Ontvangen 12 november 2020
De ondergetekende stelt het volgende amendement voor:
In artikel IV, onderdeel J, onder 4, komt het voorgestelde negende lid te luiden:
9. De krachtens het tweede lid vastgestelde algemene maatregel van bestuur die op 1 januari 2021 in werking treedt wordt ten minste twee weken voordat de maatregel wordt vastgesteld aan de beide kamers der Staten-Generaal overgelegd. Als binnen die termijn door of namens een van de kamers of door ten minste een vijfde van het grondwettelijk aantal leden van een van de kamers de wens te kennen wordt gegeven dat het onderwerp van de algemene maatregel van bestuur bij wet wordt geregeld, wordt in dat geval een daartoe strekkend wetsvoorstel zo spoedig mogelijk ingediend en wordt de algemene maatregel van bestuur ingetrokken wanneer dit wetsvoorstel niet door een van de kamers wordt aangenomen of inwerking treedt. Indien het ontwerp van de algemene maatregel van bestuur een datum van inwerkingtreding heeft die gelegen is na 1 januari 2021 en als binnen die vier weken door of namens een der kamers of door ten minste een vijfde van het grondwettelijk aantal leden van een der kamers de wens te kennen wordt gegeven dat het onderwerp van de algemene maatregel van bestuur bij wet wordt geregeld, wordt in dat geval een daartoe strekkend voorstel van wet zo spoedig mogelijk ingediend en wordt de algemene maatregel niet vastgesteld.

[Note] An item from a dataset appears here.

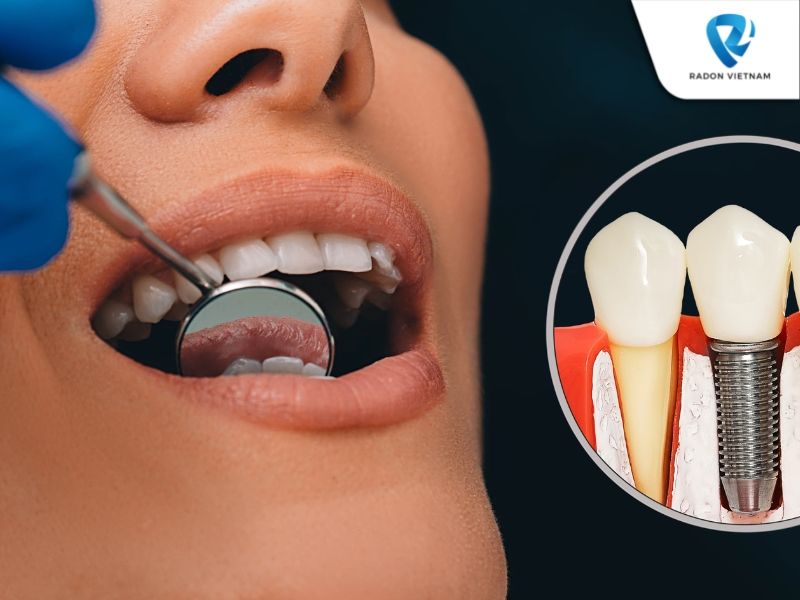 trồng răng implant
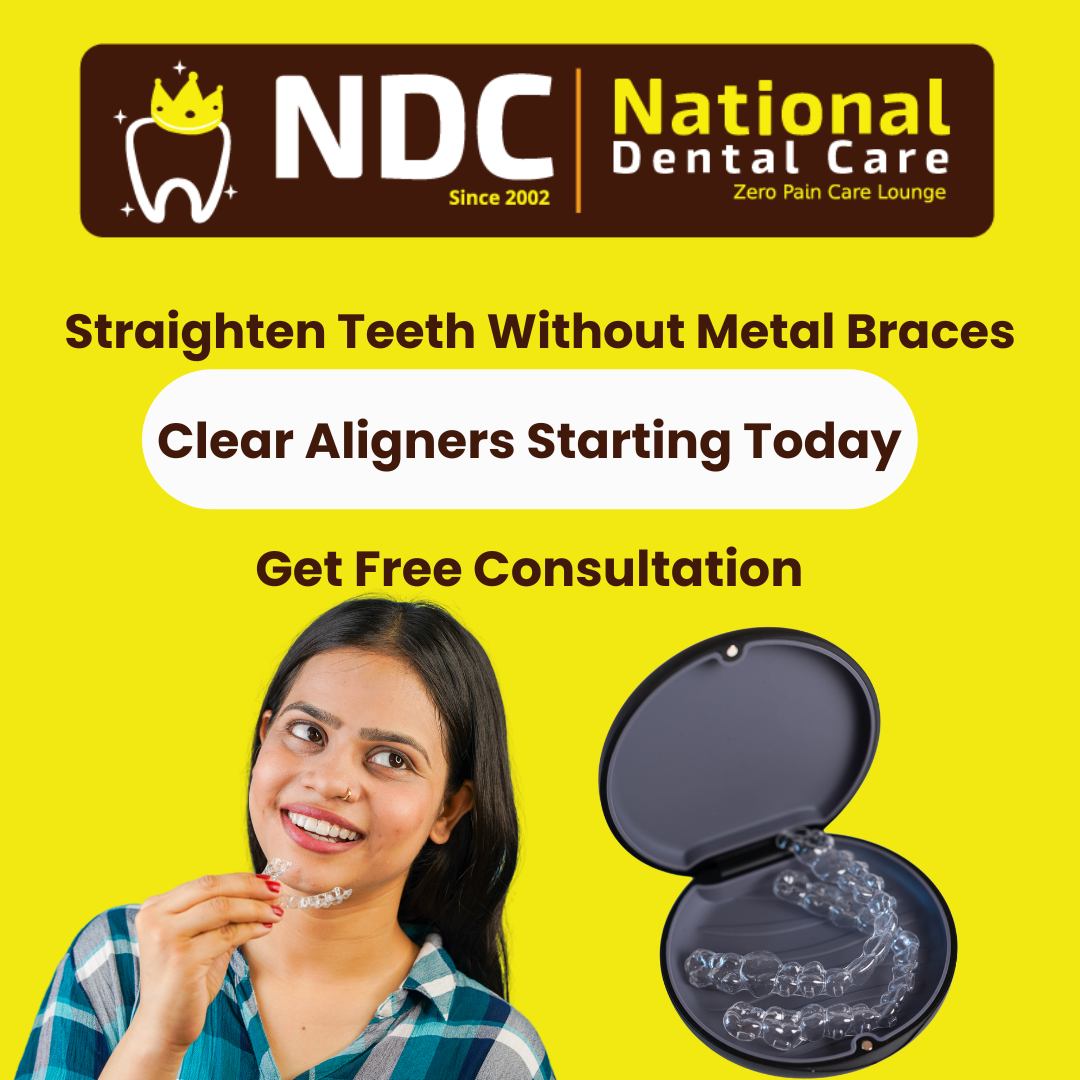 NDC Hyderabad Facebook ad: Special Offer on Clear Aligners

Door middel van dit amendement wordt een verzwaarde voorhangbepaling aan de algemene maatregel van bestuur («AMvB») toegevoegd, die zal worden opgesteld op basis de voorgestelde wijziging van artikel 38, tweede lid van de Algemene wet inkomensafhankelijke regelingen (Awir). Dit wordt geregeld in de derde zin van het negende lid. Ten opzichte van de nota van wijziging regelt dit amendement ook dat de initiële AMvB via een verzwaarde procedure wordt nagehangen. Dit wordt geregeld in de eerste en tweede zin.
De wijziging van artikel 38, tweede lid Awir bevat momenteel een ongerichte maatregel, omdat een uitwerking in een AMvB van de informatie die door de Belastingdienst Toeslagen kan worden opgevraagd nog niet beschikbaar is. Zonder deze AMvB te hebben gezien kan de Kamer niet beoordelen of de maatregel zorgvuldig is. Immers, zonder nadere uitwerking zou alle denkbare informatie hier onder kunnen vallen.
De indiener wil door middel van dit amendement daarom een verzwaarde voorhangbepaling toevoegen aan dit artikel. Daarbij kan een vijfde van elk van de kamers omzetting van de AMvB in wetgeving verzoeken, met het bijbehorende instemmings- en amenderingsrecht.